I posted the code of the entire project on github.
This is how the model initialization code looks like:
#encoder
#####################################################################
encoder_input = layers.Input(shape=1, name="encoder_input")
encoder_masking = layers.Masking(mask_value=padding_token,
input_shape=(None, 1),
name="encoder_masking")(encoder_input)
encoder_embedding = layers.Embedding(input_dim=count_tokens,
output_dim=dim_embedding,
input_shape=(None,),
name="encoder_embedding")(encoder_masking)
encoder_lstm_1, encoder_state_h_1, encoder_state_c_1
= layers.LSTM(units=dim_lstm_1,
input_shape=(None,),
return_sequences=True,
return_state=True,
name="encoder_lstm_1")(encoder_embedding)
encoder_lstm_2, encoder_state_h_2, encoder_state_c_2
= layers.LSTM(units=dim_lstm_2,
input_shape=(None,),
return_sequences=True,
return_state=True,
name="encoder_lstm_2")(encoder_lstm_1)
encoder_states_1 = [encoder_state_h_1, encoder_state_c_1]
encoder_states_2 = [encoder_state_h_2, encoder_state_c_2]
#decoder
#####################################################################
decoder_input = layers.Input(shape=1, name="decoder_input")

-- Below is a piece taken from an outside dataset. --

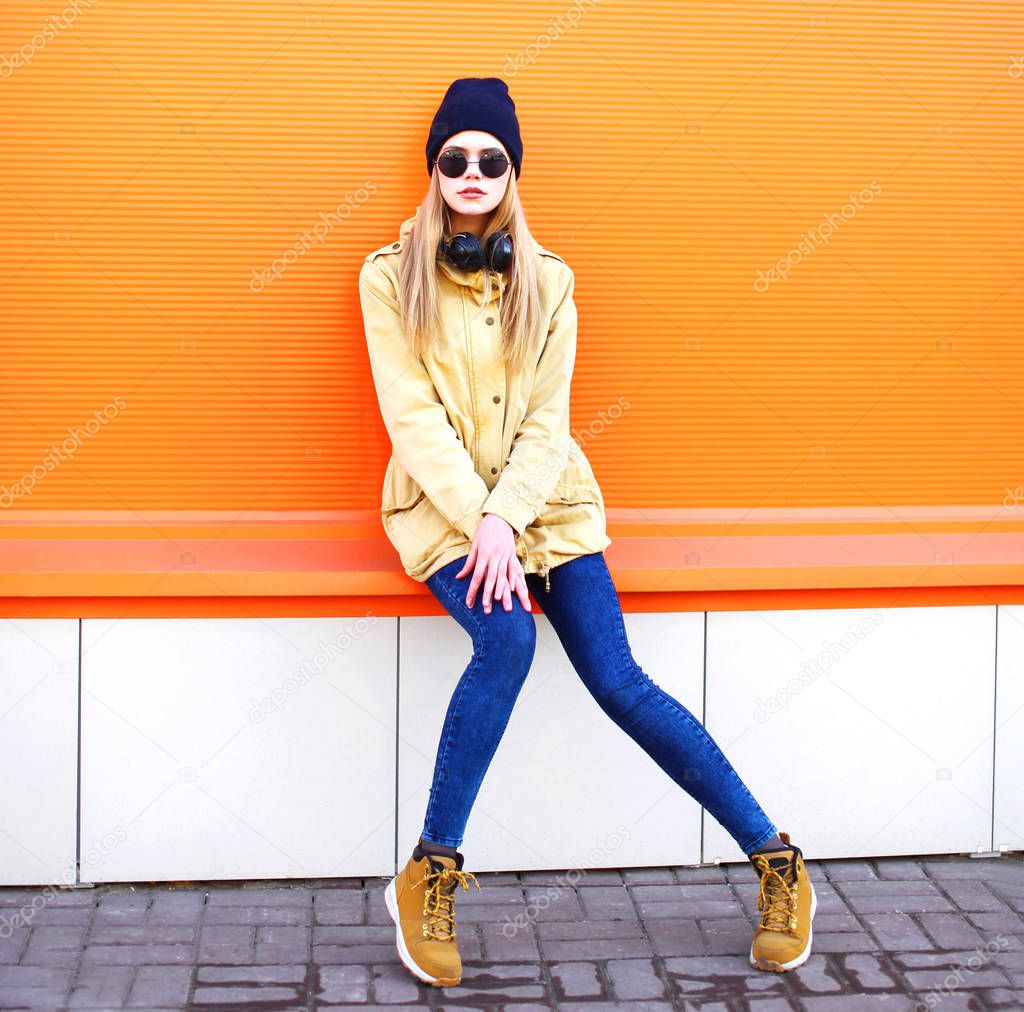 Fashion pretty blonde woman on a orange colorful background in c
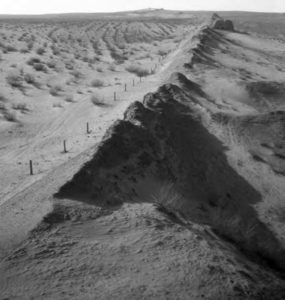 The landscape is sandy dunes. Poking out of the sand like spines are broken remnants of a wall. This image demonstrates the erosion caused by desertification.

decoder_embedding = layers.Embedding(input_dim=count_tokens,
output_dim=dim_embedding,
input_shape=(None,),
name="decoder_embedding")(decoder_input)
decoder_lstm_1, _, _
= layers.LSTM(units=dim_lstm_1,
input_shape=(None,),
return_sequences=True,
return_state=True,
name="decoder_lstm_1)(decoder_embedding,
initial_state=encoder_states_1)
decoder_lstm_2, _, _
= layers.LSTM(units=dim_lstm_2,
input_shape=(None,),
return_sequences=True,
return_state=True,
name="decoder_lstm_2")(decoder_lstm_1,
initial_state=encoder_states_2)
decoder_dense = layers.Dense(units=dim_dense,
activation="sigmoid",
name="decoder_dense")(decoder_lstm_2)
#####################################################################
encoder_decoder_model = keras.Model(inputs=[encoder_input, decoder_input], outputs=decoder_dense)
I used this model purely for training, then I divided it into two separate encoder and decoder models.
P.S. If I use the mask_zero=True parameter in the Embedding layer, then the mask starts to really work (this shows the correctness of the code, to check the work of the Masking layer). Although it works for me in this case, nevertheless, I would really like to know why the Masking layer does not work, because the mask_zero parameter allows you to hide only zeros.
Please help me, I will be very grateful :)